Data to process.
::::
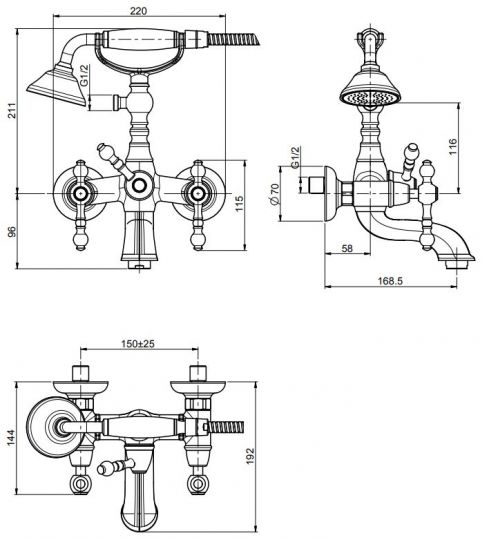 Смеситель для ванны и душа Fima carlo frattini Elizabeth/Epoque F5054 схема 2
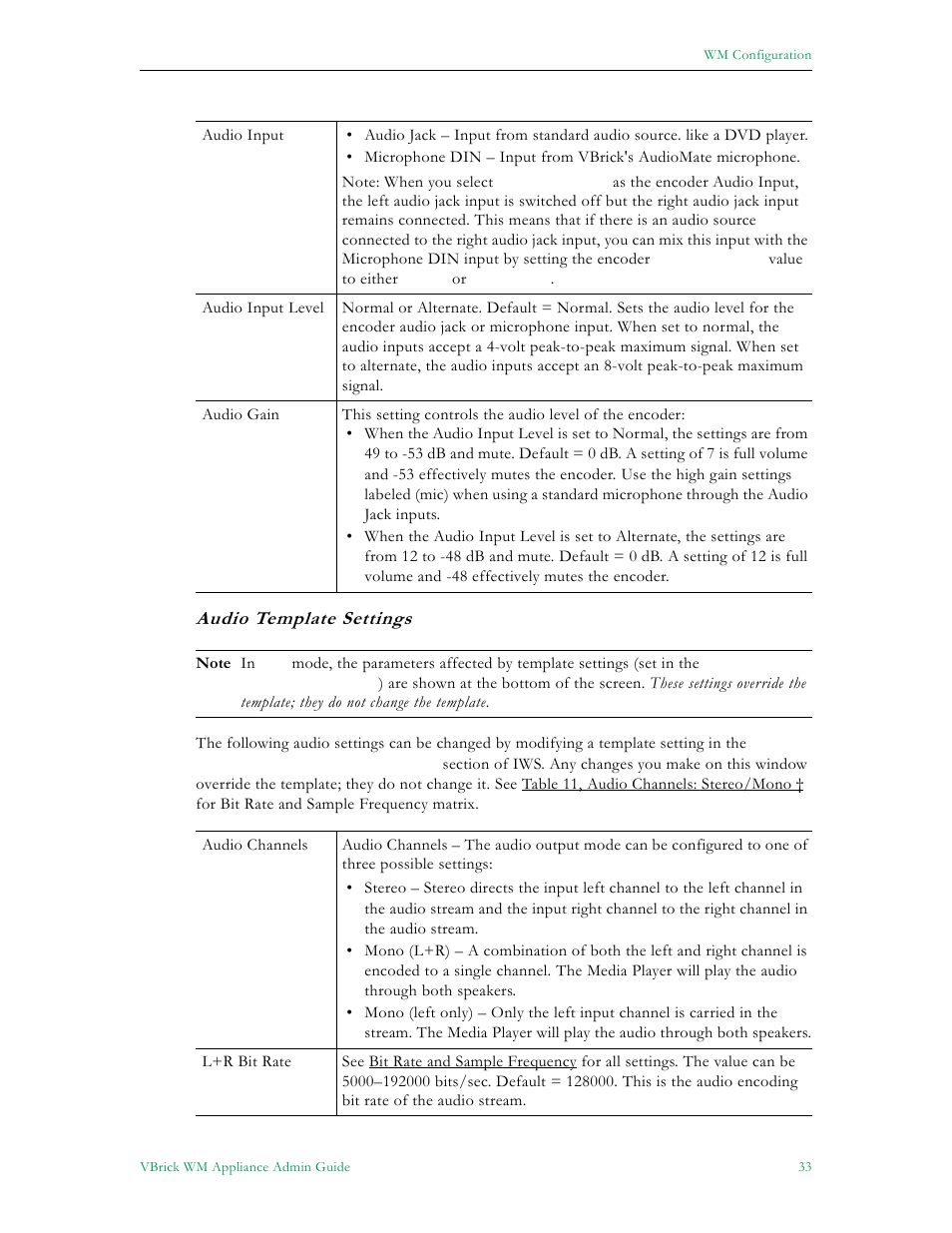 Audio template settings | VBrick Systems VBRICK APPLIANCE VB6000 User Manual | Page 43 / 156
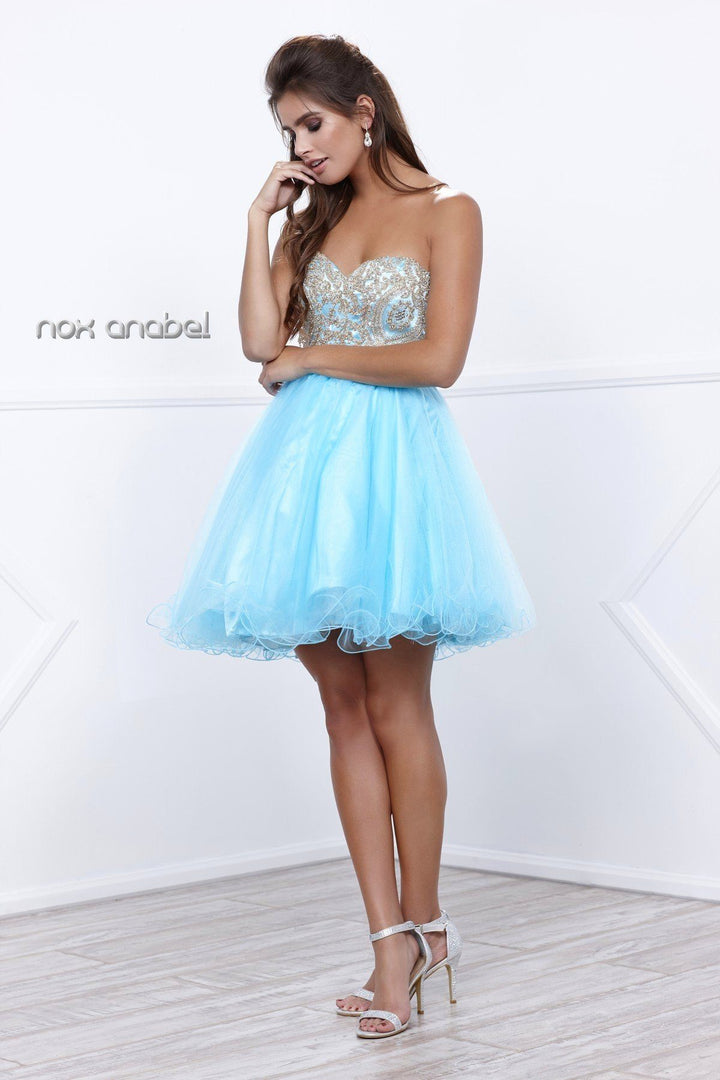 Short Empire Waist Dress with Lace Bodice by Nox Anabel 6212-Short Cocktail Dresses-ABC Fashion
::::
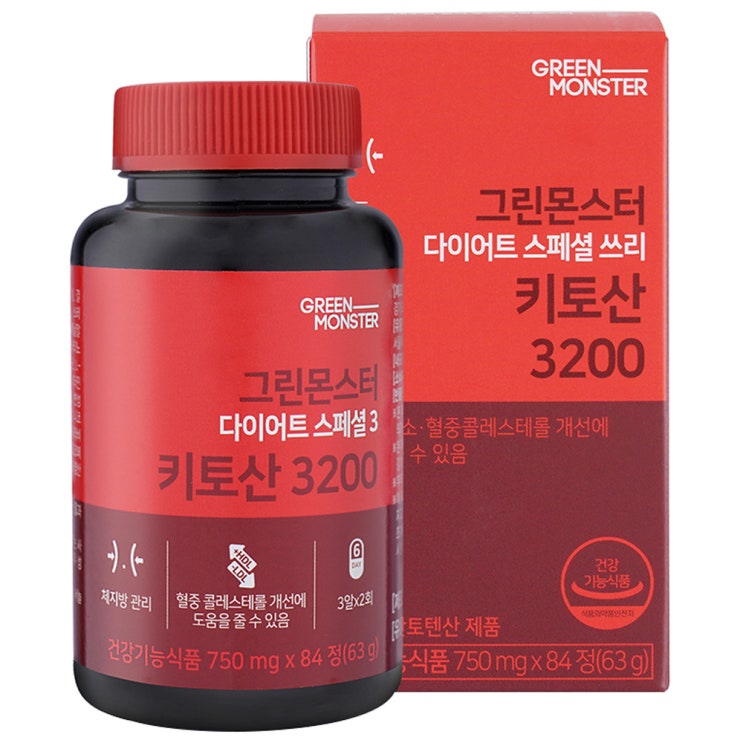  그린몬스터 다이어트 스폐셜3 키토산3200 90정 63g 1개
::::
All that is wanted is the lines above between the one containing "Audio template settings" and the one containing "Short Empire Waist", inclusive, restated word for word, with pictures omitted.

Task result.
 Audio template settings | VBrick Systems VBRICK APPLIANCE VB6000 User Manual | Page 43 / 156
 Short Empire Waist Dress with Lace Bodice by Nox Anabel 6212-Short Cocktail Dresses-ABC Fashion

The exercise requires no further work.